Search code examples
macoscocoacore-text

what's the native utf encoding for CFString in OSX?


This should be easy to find out but I can't seem to find it anywhere - so please excuse if it's a no brainer. What's the native UTF storage used in a CFString, UTF-16, UTF-8 etc.

Why I'm asking is I'm interfacing to some lua code and lua can handle UTF-8 strings but if I convert them to CFSTring, then there'll be a performance penalty if it uses UTF-16 internally?
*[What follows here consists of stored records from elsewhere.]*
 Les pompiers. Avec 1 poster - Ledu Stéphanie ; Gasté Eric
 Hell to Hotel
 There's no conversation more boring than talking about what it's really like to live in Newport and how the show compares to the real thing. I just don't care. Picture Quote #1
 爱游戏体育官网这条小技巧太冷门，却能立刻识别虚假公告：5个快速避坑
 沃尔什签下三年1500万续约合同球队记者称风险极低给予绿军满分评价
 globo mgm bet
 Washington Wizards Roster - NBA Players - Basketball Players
I had a look at the CFStringGetSystemEncoding and it returns mac roman - which doesn't seem to be correct.

locale returns

LANG="en_AU.UTF-8"...

which indicates it's utf-8 but then the docs seem to indicate it's 16 bit?

tia


Solution

  • There is short chapter “String storage” in the docs saying that it can have various encodings internally:

    Although conceptually CFString objects store strings as arrays of Unicode characters, in practice they often store them more efficiently. The memory a CFString object requires to represent a string could often be less than that required by a simple UniChar array.
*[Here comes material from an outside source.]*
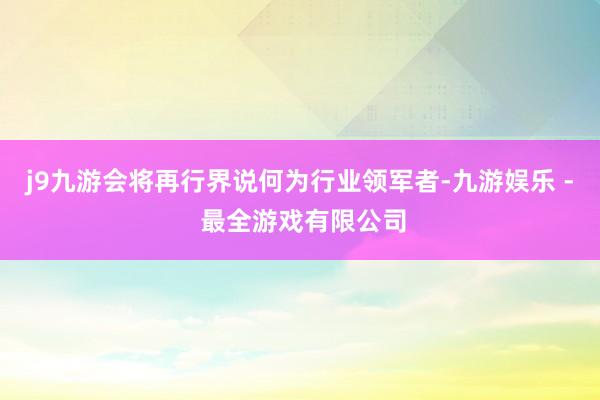 j9九游会将再行界说何为行业领军者-九游娱乐 - 最全游戏有限公司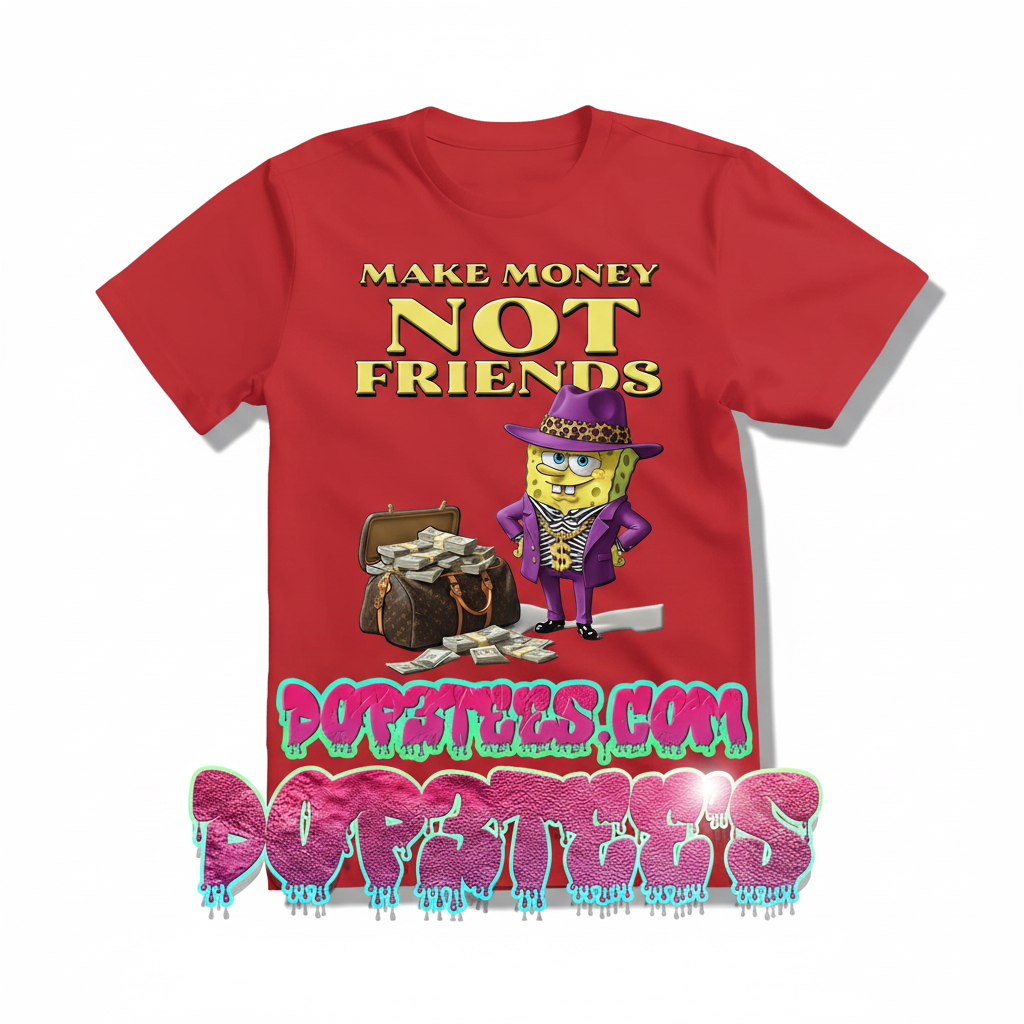 Make Money.....Not Friends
    The last paragraph suggests a solution for those who are concerned about extra conversions:

    You can get further control over the backing store of a string with the CFStringCreateMutableWithExternalCharactersNoCopy function. This function creates a reference to a mutable CFString object but allows you to retain full ownership of the Unicode buffer holding the object’s characters; the object itself points to the buffer as its backing store.